## WHAT YOU WILL DO
Keep the images out while you retype all of the data exactly.

## MATERIAL PROVIDED
***
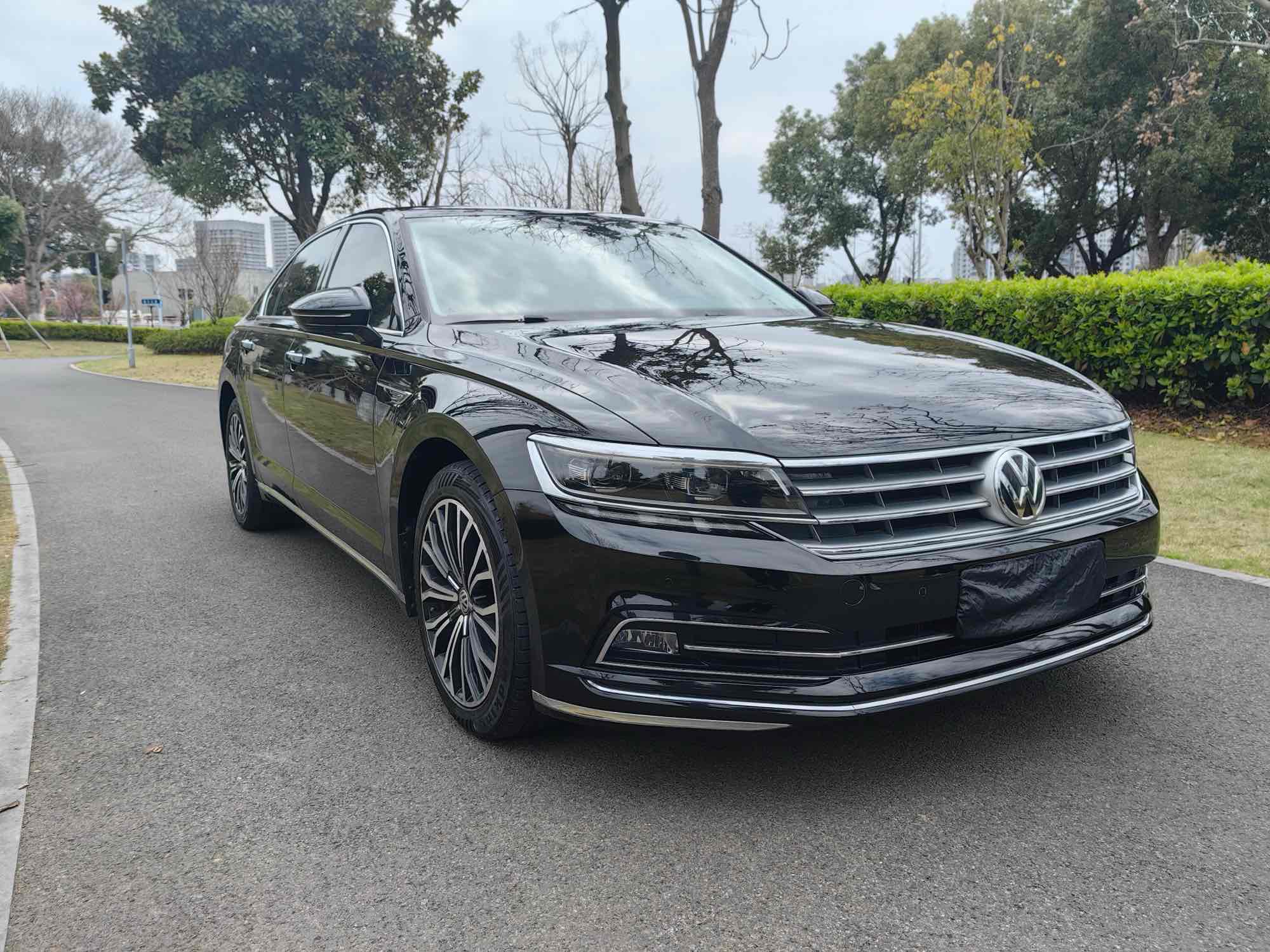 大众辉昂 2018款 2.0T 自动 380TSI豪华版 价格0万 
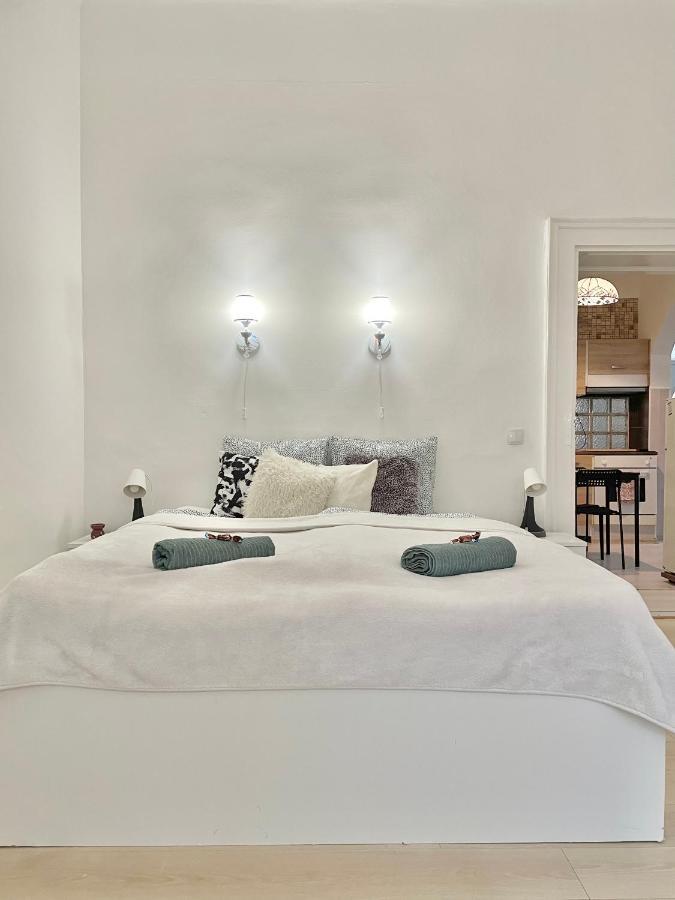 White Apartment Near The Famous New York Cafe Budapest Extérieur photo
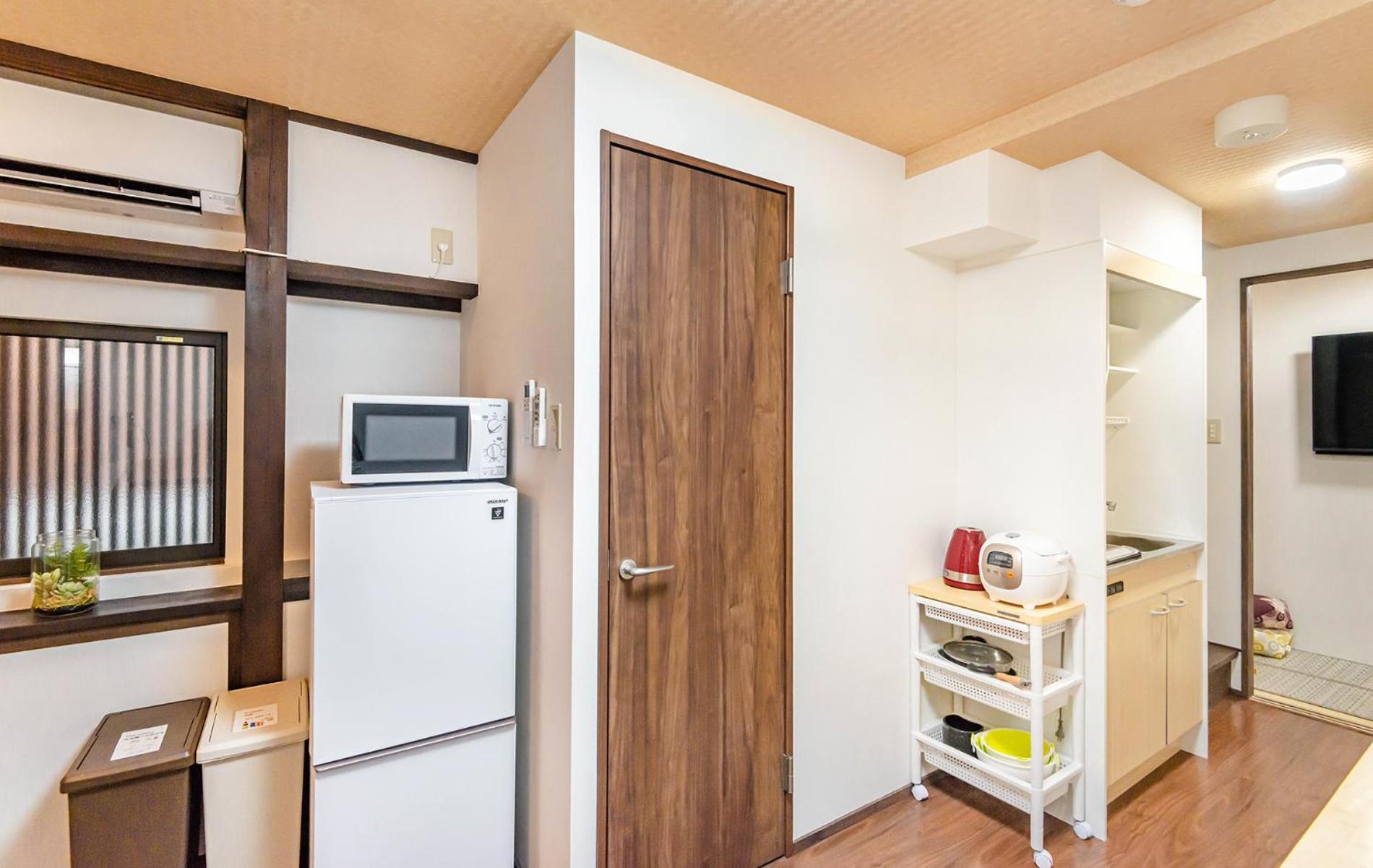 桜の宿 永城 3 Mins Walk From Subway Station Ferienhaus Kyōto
***
## ANSWER SECTION
 大众辉昂 2018款 2.0T 自动 380TSI豪华版 价格0万 
 White Apartment Near The Famous New York Cafe Budapest Extérieur photo
 桜の宿 永城 3 Mins Walk From Subway Station Ferienhaus Kyōto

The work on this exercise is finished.